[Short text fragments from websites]
◇ ◇ ◇ ◇ ◇ ◇ ◇
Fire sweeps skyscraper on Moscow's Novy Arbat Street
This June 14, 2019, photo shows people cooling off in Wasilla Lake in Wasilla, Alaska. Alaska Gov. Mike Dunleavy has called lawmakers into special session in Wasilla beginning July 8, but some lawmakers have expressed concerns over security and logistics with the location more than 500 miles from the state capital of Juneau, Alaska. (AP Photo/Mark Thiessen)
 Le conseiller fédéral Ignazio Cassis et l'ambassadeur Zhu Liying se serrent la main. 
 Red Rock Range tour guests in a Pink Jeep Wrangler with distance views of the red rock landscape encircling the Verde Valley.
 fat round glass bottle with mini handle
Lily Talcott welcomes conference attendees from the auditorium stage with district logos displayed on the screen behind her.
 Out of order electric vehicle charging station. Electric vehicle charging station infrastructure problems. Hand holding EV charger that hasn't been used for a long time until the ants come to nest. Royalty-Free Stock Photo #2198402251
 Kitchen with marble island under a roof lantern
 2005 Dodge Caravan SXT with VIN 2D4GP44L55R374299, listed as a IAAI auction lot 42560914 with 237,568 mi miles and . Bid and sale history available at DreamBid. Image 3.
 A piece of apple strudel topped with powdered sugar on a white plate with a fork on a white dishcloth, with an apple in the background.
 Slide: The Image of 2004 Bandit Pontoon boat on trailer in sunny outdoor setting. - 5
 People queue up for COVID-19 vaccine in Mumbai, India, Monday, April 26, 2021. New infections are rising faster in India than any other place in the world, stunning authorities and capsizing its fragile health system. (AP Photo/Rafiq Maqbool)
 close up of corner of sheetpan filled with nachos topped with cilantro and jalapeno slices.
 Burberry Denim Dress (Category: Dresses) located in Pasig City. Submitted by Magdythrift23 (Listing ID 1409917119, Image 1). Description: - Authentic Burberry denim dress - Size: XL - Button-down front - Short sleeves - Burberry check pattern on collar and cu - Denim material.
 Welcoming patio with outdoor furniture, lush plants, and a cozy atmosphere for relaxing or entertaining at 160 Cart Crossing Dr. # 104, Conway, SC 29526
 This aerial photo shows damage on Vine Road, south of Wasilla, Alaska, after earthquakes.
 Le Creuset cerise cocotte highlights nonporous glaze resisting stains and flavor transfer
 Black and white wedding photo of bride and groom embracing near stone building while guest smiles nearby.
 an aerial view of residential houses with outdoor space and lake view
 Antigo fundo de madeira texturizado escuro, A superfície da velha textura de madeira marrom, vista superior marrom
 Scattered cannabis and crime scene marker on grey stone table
◇ ◇ ◇ ◇ ◇ ◇ ◇
▸ WHAT THIS TASK INVOLVES
Beginning with the first line of the entries, repeat each line exactly until you have reproduced the one containing "A piece of apple", and add nothing further.

▸ SOLUTION TO THE EXERCISE
Fire sweeps skyscraper on Moscow's Novy Arbat Street
This June 14, 2019, photo shows people cooling off in Wasilla Lake in Wasilla, Alaska. Alaska Gov. Mike Dunleavy has called lawmakers into special session in Wasilla beginning July 8, but some lawmakers have expressed concerns over security and logistics with the location more than 500 miles from the state capital of Juneau, Alaska. (AP Photo/Mark Thiessen)
 Le conseiller fédéral Ignazio Cassis et l'ambassadeur Zhu Liying se serrent la main. 
 Red Rock Range tour guests in a Pink Jeep Wrangler with distance views of the red rock landscape encircling the Verde Valley.
 fat round glass bottle with mini handle
Lily Talcott welcomes conference attendees from the auditorium stage with district logos displayed on the screen behind her.
 Out of order electric vehicle charging station. Electric vehicle charging station infrastructure problems. Hand holding EV charger that hasn't been used for a long time until the ants come to nest. Royalty-Free Stock Photo #2198402251
 Kitchen with marble island under a roof lantern
 2005 Dodge Caravan SXT with VIN 2D4GP44L55R374299, listed as a IAAI auction lot 42560914 with 237,568 mi miles and . Bid and sale history available at DreamBid. Image 3.
 A piece of apple strudel topped with powdered sugar on a white plate with a fork on a white dishcloth, with an apple in the background.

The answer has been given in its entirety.